Methodological Innovations

  • Geometric-aware Multi-view Generation: The authors extend upon the diffusion models by integrating an orthogonal plane decomposition mechanism. This mechanism disentangles 3D features efficiently and allows the model to predict novel views while preserving the geometric structure inherent in the input image.
  • Epipolar Attention Mechanism: Introduced during the reconstruction stage, this mechanism harnesses the geometric correlation between different views, leading to enhanced multi-view consistency. By focusing on the epipolar constraints, the attention mechanism limits the search space for correspondences, thus facilitating more robust and efficient feature integration across views.
  • Gaussian Divergent Significance (GDS): A noteworthy contribution of this paper is the introduction of GDS, a metric designed to optimize the split and clone operations in Gaussian Splatting. By considering the spatial correlation between Gaussian elements, unnecessary computational burdens are reduced, significantly speeding up the optimization process without compromising quality.

Empirical Results

The empirical assessment across datasets such as Objaverse and Google Scanned Objects showcases FDGaussian's ability to generate high-quality, multi-view consistent 3D reconstructions quantitatively outperforming existing methods such as Zero-1-to-3 and DreamGaussian.
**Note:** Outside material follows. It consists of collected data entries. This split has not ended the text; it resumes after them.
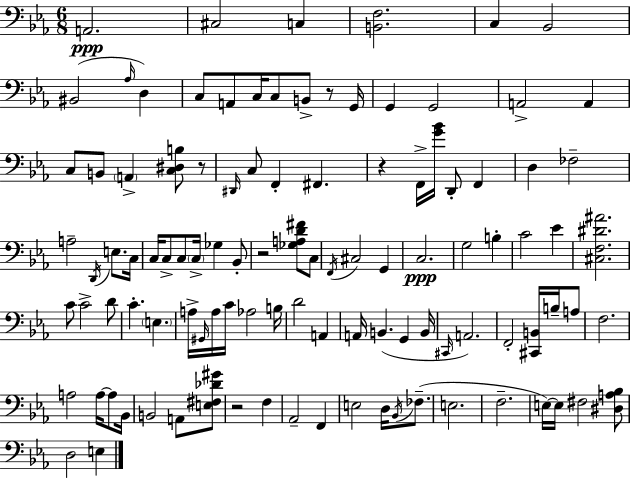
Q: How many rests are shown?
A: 5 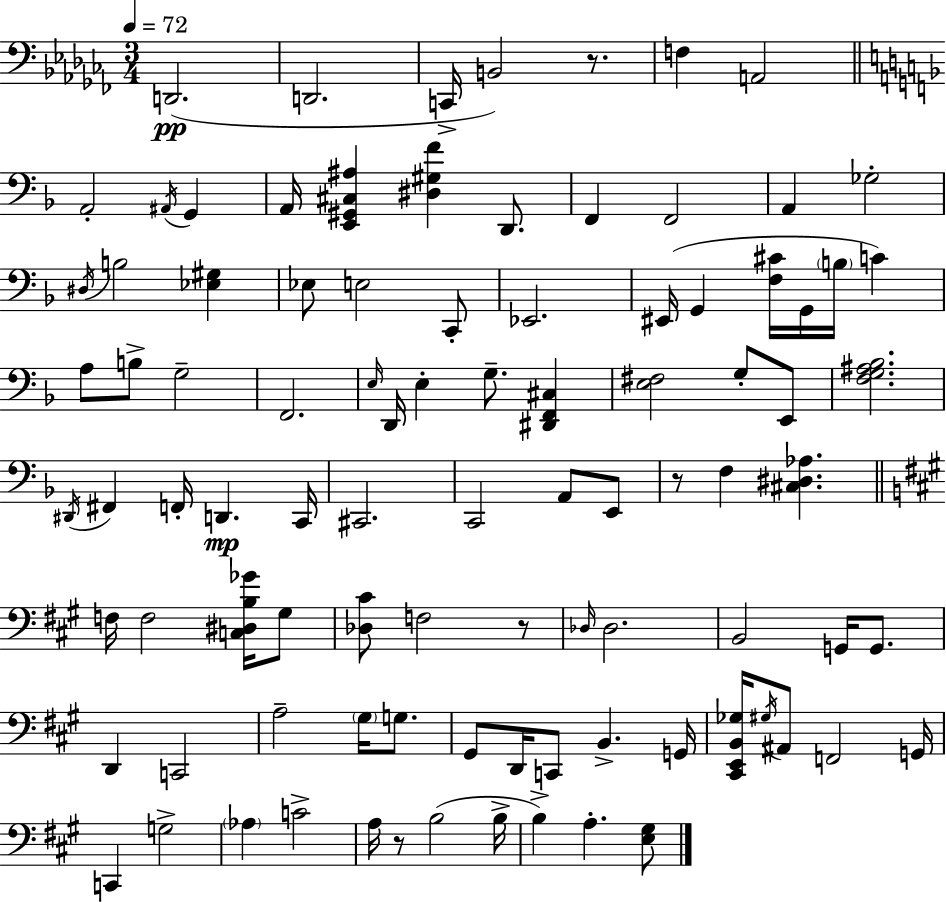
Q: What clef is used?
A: bass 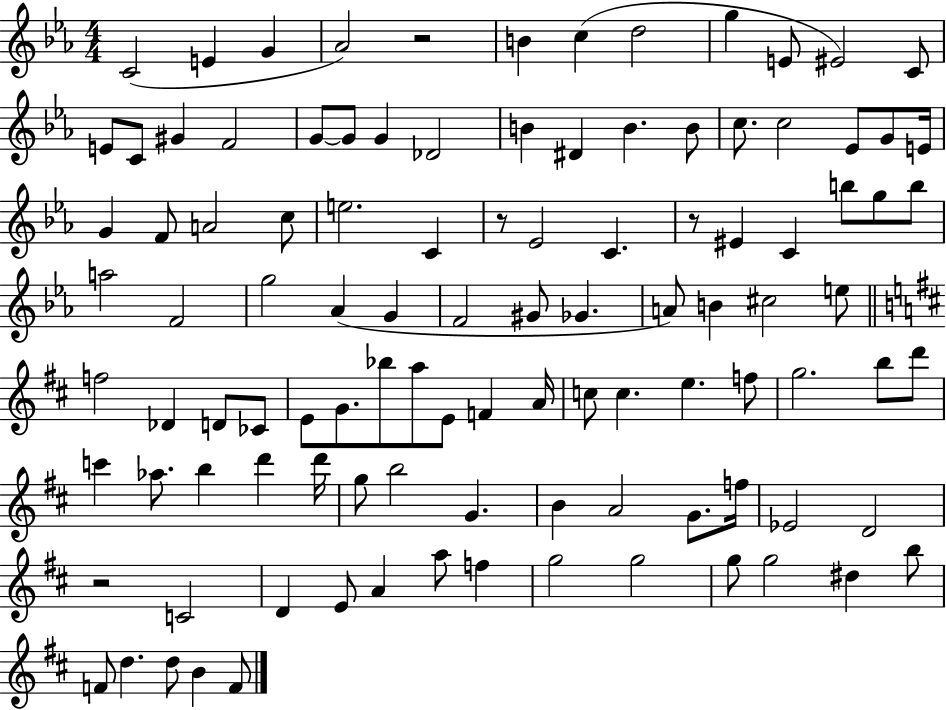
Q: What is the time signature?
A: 4/4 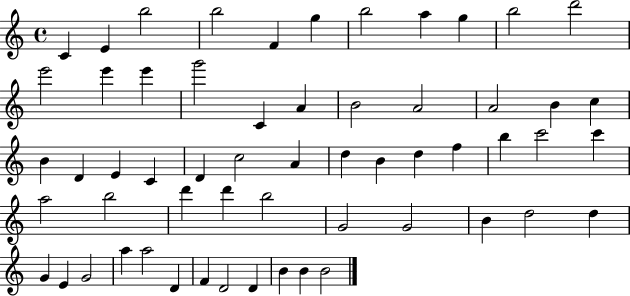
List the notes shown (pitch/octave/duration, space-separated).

C4/q E4/q B5/h B5/h F4/q G5/q B5/h A5/q G5/q B5/h D6/h E6/h E6/q E6/q G6/h C4/q A4/q B4/h A4/h A4/h B4/q C5/q B4/q D4/q E4/q C4/q D4/q C5/h A4/q D5/q B4/q D5/q F5/q B5/q C6/h C6/q A5/h B5/h D6/q D6/q B5/h G4/h G4/h B4/q D5/h D5/q G4/q E4/q G4/h A5/q A5/h D4/q F4/q D4/h D4/q B4/q B4/q B4/h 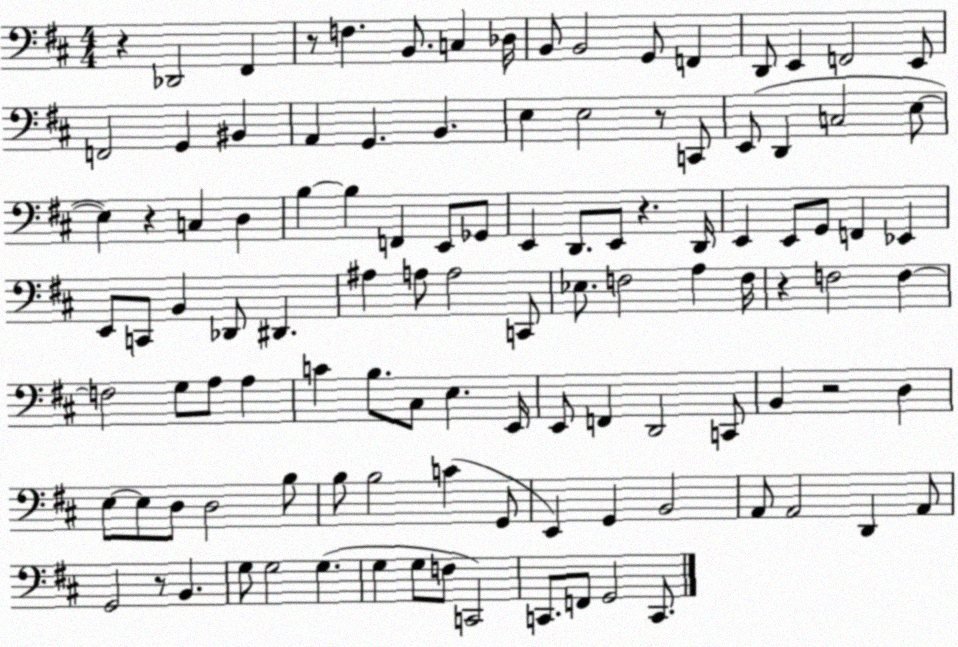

Metrics such as PSNR, SSIM, and LPIPS uniformly highlight the enhanced fidelity and consistency of reconstructions. Furthermore, the reduced reconstruction time offers practical advantages, demonstrating that the proposed innovations lead to both qualitative and computational improvements.

Implications and Future Research

The proposed FDGaussian framework illustrates a significant step forward in single-image-based 3D reconstruction, demonstrating potential applications in VR, AR, and robotics by improving visual realism and interaction quality. The innovations in multi-view consistency promise enhanced real-world applications where geometric accuracy and visual coherence are critical.

Future research might build upon this work by exploring adaptive view generation and extending the methodology to complex scene reconstructions beyond single objects. Additionally, fine-tuning the integration with text-to-image models suggests future work to streamline the text-to-3D pipeline, potentially augmenting applications in digital content creation and interactive design environments.

In conclusion, FDGaussian presents a compelling advancement in integrating diffusion models with geometric-aware techniques to address critical challenges in single-image 3D reconstruction. The incorporation of epipolar attention and optimization enhancements underscores the potential for more efficient, accurate, and widespread applications of this technology.